Another thing is that this implementation is opposite to how peel_last works. I added test which presents this: static_two_terations_ub_used_in_loop, which I added to both front and last lit tests files.

I added comments within the lit tests which explain why current implementation is correct and previous cause bugs.

llvmbot · 2025-10-16T07:45:12Z

@llvm/pr-subscribers-mlir-scf

Author: None (ddubov100)

Changes

Currently when peeling first iteration - any mention of ub within the loop body is replaced with new ub in peeled out first iteration.
This introduce bugs in following scenario:
The operations inside the loop intentionally used original ub and need to keep using the original.

Another thing is that this implementation is opposite to how peel_last works.
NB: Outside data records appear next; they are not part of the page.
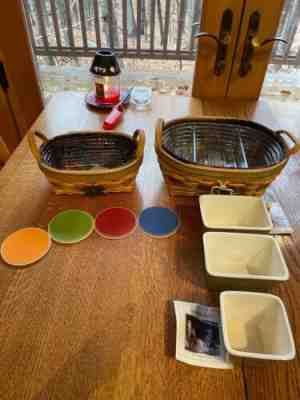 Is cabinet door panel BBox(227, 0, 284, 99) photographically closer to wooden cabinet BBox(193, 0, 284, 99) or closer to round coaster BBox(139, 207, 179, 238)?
wooden cabinet BBox(193, 0, 284, 99)

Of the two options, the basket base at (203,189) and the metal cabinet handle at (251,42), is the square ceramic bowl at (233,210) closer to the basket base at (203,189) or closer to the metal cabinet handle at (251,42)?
the basket base at (203,189)

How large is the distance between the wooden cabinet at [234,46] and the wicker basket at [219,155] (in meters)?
0.49

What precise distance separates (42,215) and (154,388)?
0.46 metres

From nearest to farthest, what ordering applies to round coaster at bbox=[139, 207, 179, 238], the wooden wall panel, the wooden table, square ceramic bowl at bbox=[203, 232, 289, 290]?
1. the wooden table
2. square ceramic bowl at bbox=[203, 232, 289, 290]
3. round coaster at bbox=[139, 207, 179, 238]
4. the wooden wall panel

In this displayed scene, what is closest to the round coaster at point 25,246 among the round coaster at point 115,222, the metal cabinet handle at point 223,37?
the round coaster at point 115,222

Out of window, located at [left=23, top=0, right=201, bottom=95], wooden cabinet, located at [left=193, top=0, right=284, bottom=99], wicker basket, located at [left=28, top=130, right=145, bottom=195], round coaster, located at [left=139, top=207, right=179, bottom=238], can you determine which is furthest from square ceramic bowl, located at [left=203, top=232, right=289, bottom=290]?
window, located at [left=23, top=0, right=201, bottom=95]

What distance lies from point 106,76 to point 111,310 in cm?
90

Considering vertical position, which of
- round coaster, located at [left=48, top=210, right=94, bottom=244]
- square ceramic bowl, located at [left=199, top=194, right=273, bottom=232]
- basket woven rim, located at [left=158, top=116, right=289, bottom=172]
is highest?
basket woven rim, located at [left=158, top=116, right=289, bottom=172]

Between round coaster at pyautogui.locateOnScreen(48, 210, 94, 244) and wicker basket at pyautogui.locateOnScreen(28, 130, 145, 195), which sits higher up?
wicker basket at pyautogui.locateOnScreen(28, 130, 145, 195)

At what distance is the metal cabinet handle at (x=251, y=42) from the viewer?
1.06 meters

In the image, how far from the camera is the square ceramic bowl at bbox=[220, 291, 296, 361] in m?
0.46

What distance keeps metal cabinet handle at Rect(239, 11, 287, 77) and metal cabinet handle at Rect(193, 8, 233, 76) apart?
0.25 feet

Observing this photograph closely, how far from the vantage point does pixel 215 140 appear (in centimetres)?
85

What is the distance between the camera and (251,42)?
1095 millimetres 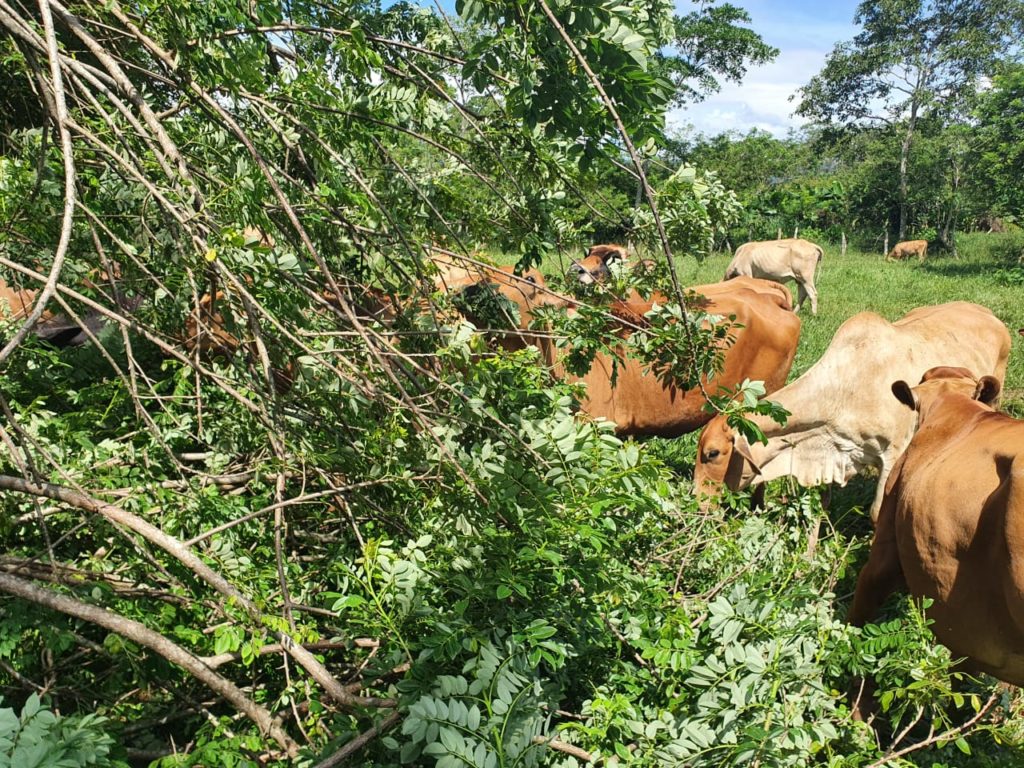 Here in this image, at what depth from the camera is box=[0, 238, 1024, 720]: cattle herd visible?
9.85 ft

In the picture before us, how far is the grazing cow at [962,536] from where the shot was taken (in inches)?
116

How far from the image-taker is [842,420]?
18.0ft

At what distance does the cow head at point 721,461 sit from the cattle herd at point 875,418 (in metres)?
0.01

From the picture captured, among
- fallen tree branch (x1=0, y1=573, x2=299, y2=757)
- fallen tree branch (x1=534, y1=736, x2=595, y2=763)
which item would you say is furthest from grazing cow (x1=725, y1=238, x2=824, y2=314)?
fallen tree branch (x1=0, y1=573, x2=299, y2=757)

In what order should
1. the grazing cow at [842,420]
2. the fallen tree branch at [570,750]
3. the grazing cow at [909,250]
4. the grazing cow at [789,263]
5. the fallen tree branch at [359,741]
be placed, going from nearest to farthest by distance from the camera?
1. the fallen tree branch at [359,741]
2. the fallen tree branch at [570,750]
3. the grazing cow at [842,420]
4. the grazing cow at [789,263]
5. the grazing cow at [909,250]

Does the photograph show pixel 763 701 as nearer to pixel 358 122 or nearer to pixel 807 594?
pixel 807 594

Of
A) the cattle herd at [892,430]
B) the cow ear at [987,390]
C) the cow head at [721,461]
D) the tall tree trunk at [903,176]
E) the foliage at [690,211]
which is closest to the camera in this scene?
the foliage at [690,211]

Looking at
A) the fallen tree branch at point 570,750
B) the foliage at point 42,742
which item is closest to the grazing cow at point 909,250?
the fallen tree branch at point 570,750

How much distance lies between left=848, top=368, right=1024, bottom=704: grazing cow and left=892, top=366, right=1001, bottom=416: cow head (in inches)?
2.2

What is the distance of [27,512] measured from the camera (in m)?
2.57

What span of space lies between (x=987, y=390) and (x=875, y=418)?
1.26 metres

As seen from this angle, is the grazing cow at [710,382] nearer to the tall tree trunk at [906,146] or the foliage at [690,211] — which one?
the foliage at [690,211]

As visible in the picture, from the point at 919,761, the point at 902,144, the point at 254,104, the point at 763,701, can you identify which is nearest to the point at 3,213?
the point at 254,104

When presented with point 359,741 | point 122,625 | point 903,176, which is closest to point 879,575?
point 359,741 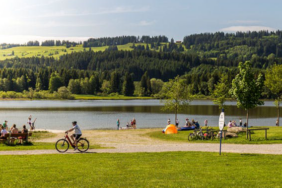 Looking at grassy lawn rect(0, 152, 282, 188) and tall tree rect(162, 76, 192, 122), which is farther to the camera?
tall tree rect(162, 76, 192, 122)

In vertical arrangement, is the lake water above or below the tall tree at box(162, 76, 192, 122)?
below

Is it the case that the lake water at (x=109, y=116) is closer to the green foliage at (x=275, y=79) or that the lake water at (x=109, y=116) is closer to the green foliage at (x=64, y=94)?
the green foliage at (x=275, y=79)

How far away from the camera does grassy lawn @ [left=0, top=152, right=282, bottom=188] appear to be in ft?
43.8

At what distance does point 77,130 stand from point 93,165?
638 centimetres

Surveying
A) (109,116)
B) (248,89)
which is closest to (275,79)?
(248,89)

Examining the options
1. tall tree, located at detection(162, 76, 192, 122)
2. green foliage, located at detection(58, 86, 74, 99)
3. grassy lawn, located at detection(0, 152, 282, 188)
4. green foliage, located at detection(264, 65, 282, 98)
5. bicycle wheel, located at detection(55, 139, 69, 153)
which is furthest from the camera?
green foliage, located at detection(58, 86, 74, 99)

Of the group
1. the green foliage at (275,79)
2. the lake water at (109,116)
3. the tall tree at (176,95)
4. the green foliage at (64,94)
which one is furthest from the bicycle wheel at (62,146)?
the green foliage at (64,94)

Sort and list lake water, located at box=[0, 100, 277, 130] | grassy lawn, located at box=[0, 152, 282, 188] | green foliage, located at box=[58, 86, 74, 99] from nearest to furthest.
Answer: grassy lawn, located at box=[0, 152, 282, 188], lake water, located at box=[0, 100, 277, 130], green foliage, located at box=[58, 86, 74, 99]

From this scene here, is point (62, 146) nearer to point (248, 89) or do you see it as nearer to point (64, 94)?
point (248, 89)

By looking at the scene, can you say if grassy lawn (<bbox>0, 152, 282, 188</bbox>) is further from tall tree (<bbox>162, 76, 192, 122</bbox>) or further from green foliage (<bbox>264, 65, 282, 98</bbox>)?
green foliage (<bbox>264, 65, 282, 98</bbox>)

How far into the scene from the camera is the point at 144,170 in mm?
15773

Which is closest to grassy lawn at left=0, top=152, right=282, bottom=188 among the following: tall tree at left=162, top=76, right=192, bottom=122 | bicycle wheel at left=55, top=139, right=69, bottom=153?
bicycle wheel at left=55, top=139, right=69, bottom=153

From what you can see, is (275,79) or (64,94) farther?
(64,94)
I added test which presents this: static_two_terations_ub_used_in_loop, which I added to both front and last lit tests files.

I added comments within the lit tests which explain why current implementation is correct and previous cause bugs.

Full diff: https://github.com/llvm/llvm-project/pull/163720.diff

3 Files Affected:

(modified) mlir/lib/Dialect/SCF/Transforms/LoopSpecialization.cpp (+3-2)
(modified) mlir/test/Dialect/SCF/for-loop-peeling-front.mlir (+46-4)
(modified) mlir/test/Dialect/SCF/for-loop-peeling.mlir (+29)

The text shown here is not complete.